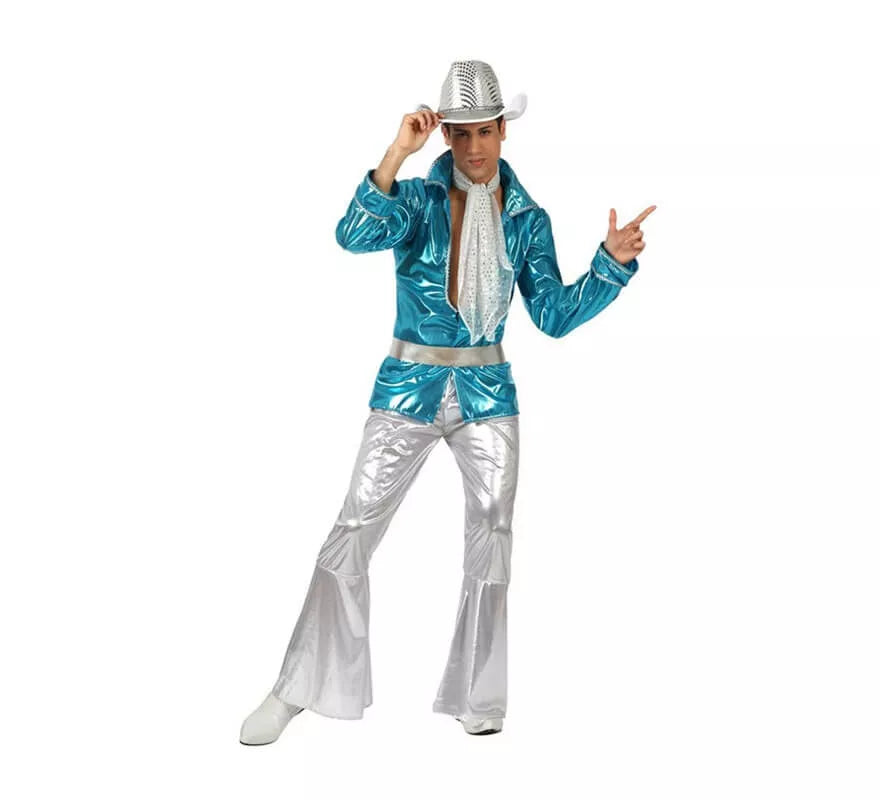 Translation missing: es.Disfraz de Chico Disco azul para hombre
========
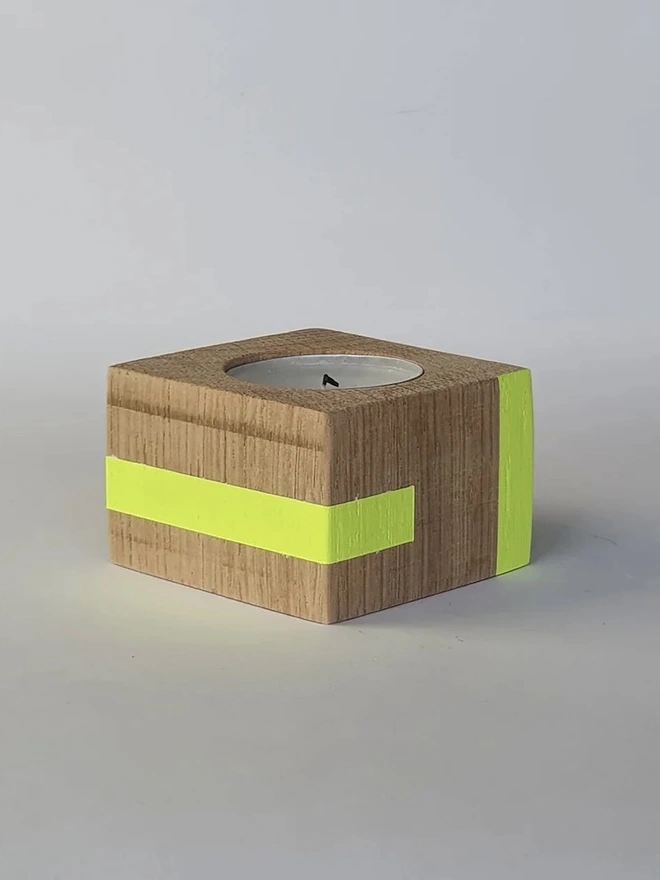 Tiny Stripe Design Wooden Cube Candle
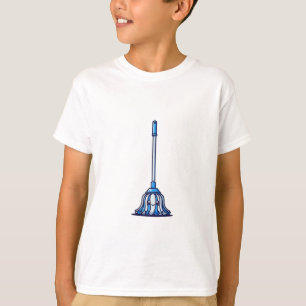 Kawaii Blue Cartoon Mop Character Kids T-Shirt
========
Work instructions => Reproduce the listing above from the line that holds "Tiny Stripe Design Wooden Cube Candle" through the line that holds "Kawaii Blue Cartoon", both included, with the pictures left out.

The answer =>
 Tiny Stripe Design Wooden Cube Candle
 Kawaii Blue Cartoon Mop Character Kids T-Shirt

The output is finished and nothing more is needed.